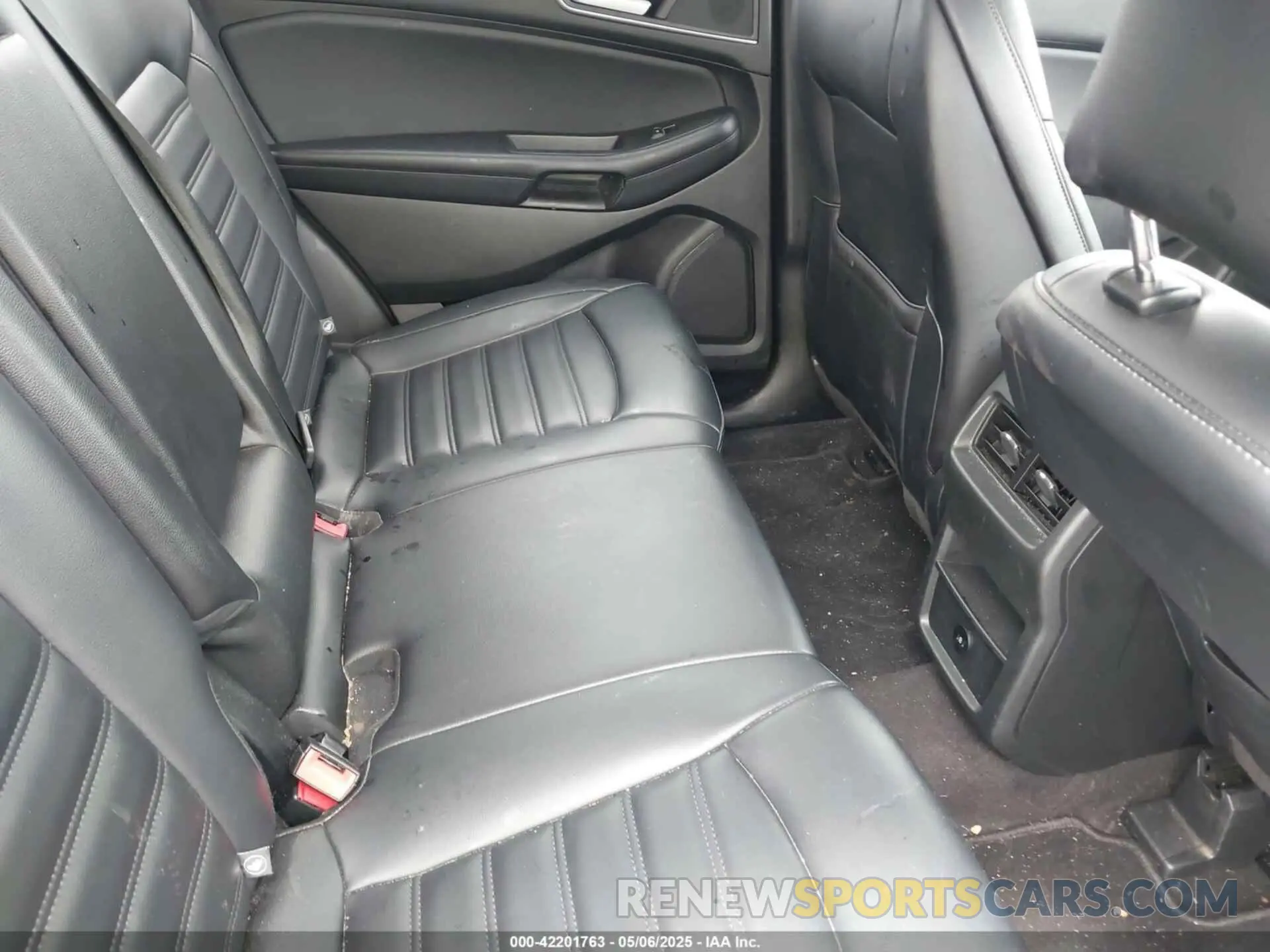 8 fotografías del automóvil dañado 2FMPK4J95RBA98916 FORD EDGE 2024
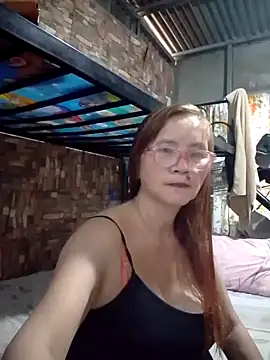 Snapshot of SexyHottMom chatting on May 2026 01:03:01 AM SexyHottMom online show from May 2026 01:03:01 AM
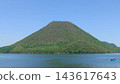 榛名山彷彿漂浮在湖面上。 143617643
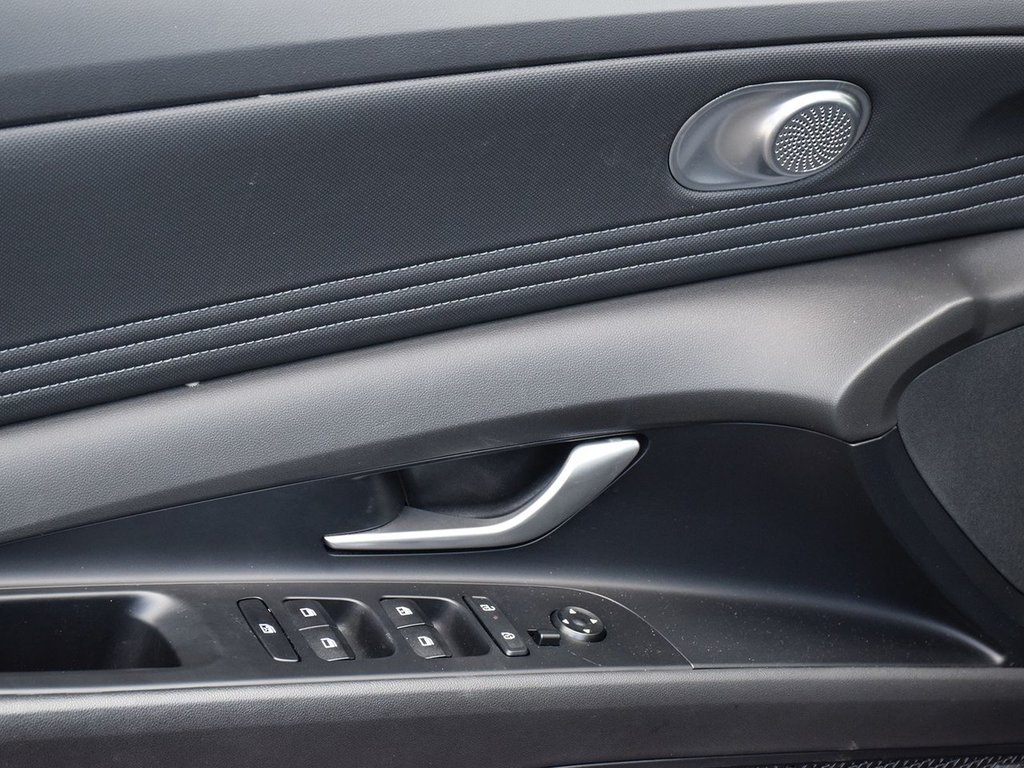 2024 Hyundai Elantra LUXURY in Mississauga, Ontario - 11 - w1024h768px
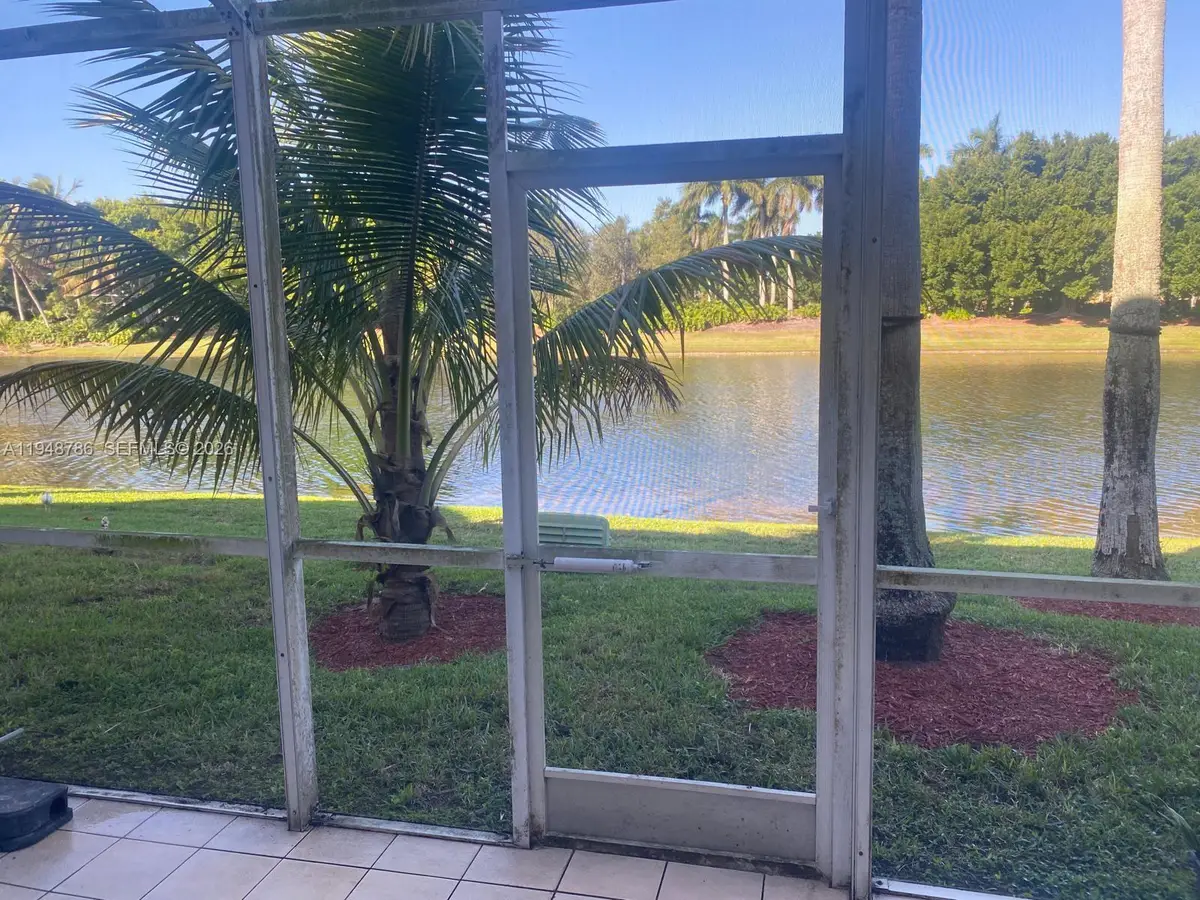 2237 Salerno Cir, Weston, FL 33327 - Image #1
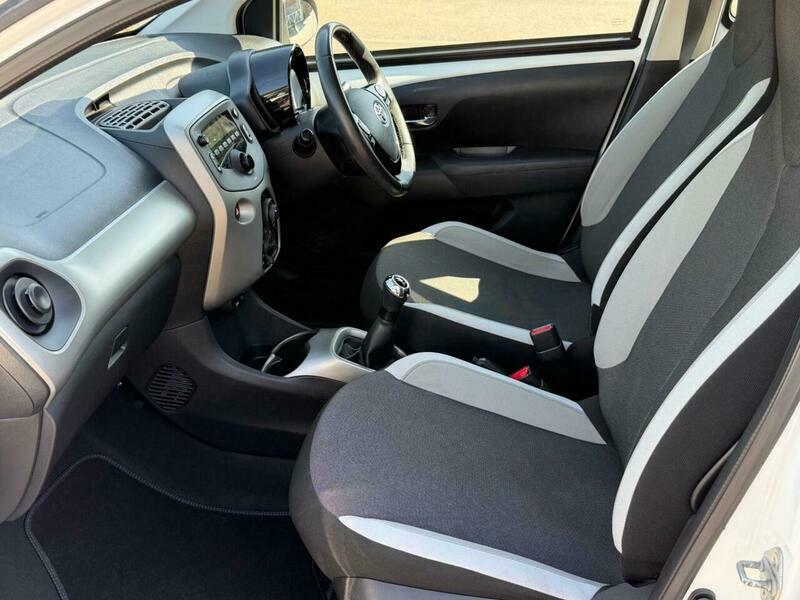Toyota Aygo 1.0 Vvt-i X-press White #7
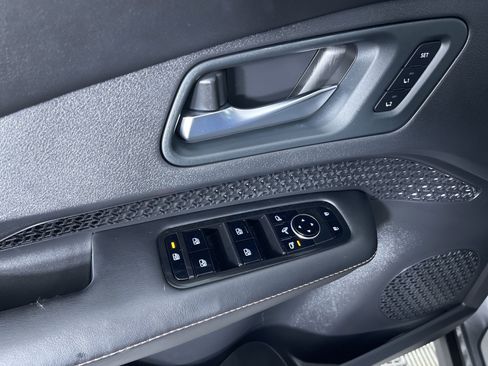 Certified 2025 Nissan Ariya AWD image 14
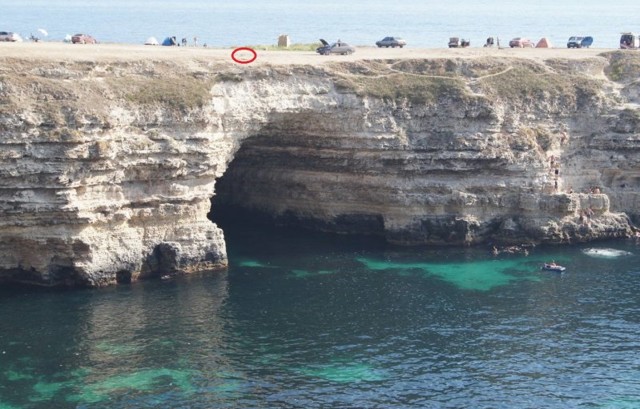 В Крыму автомобиль завис в скале над морем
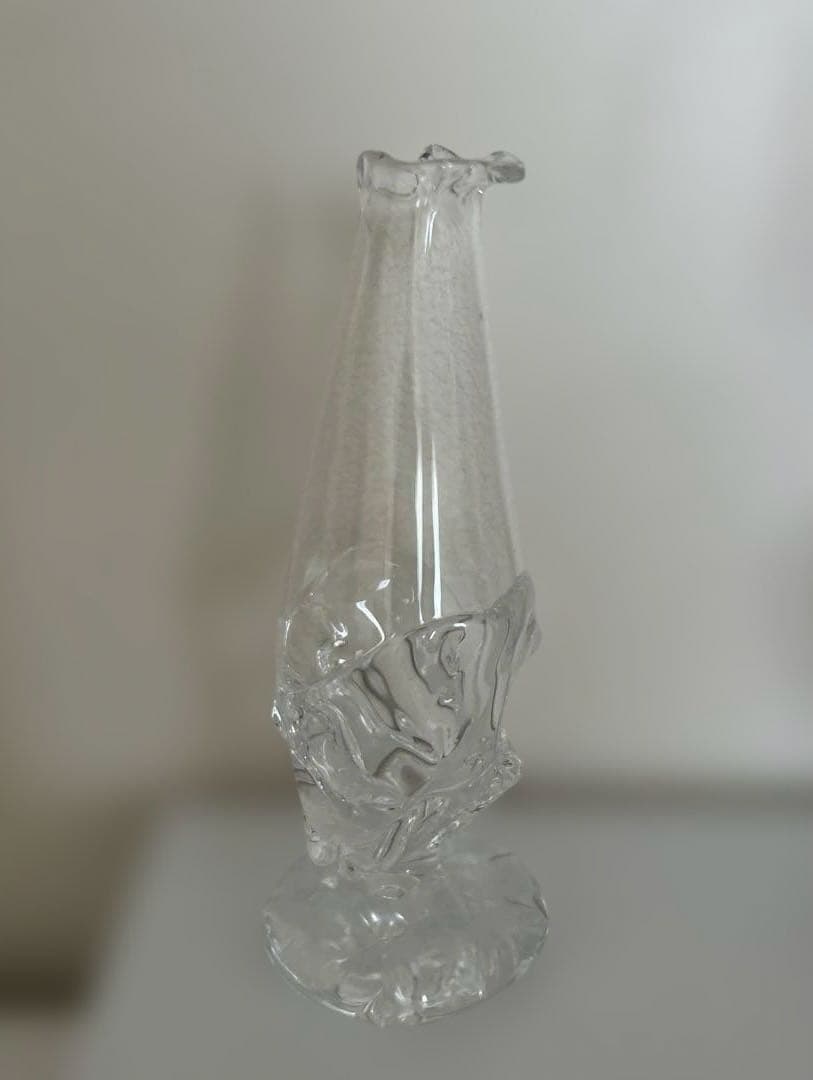 安藤里実　ガラス　一輪挿し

──────────────────────────────

Work request: From the line containing "2024 Hyundai Elantra" through the last line of the entries, both included, print each line exactly and omit any picture.

Result of the exercise:
 2024 Hyundai Elantra LUXURY in Mississauga, Ontario - 11 - w1024h768px
 2237 Salerno Cir, Weston, FL 33327 - Image #1
Toyota Aygo 1.0 Vvt-i X-press White #7
 Certified 2025 Nissan Ariya AWD image 14
 В Крыму автомобиль завис в скале над морем
 安藤里実　ガラス　一輪挿し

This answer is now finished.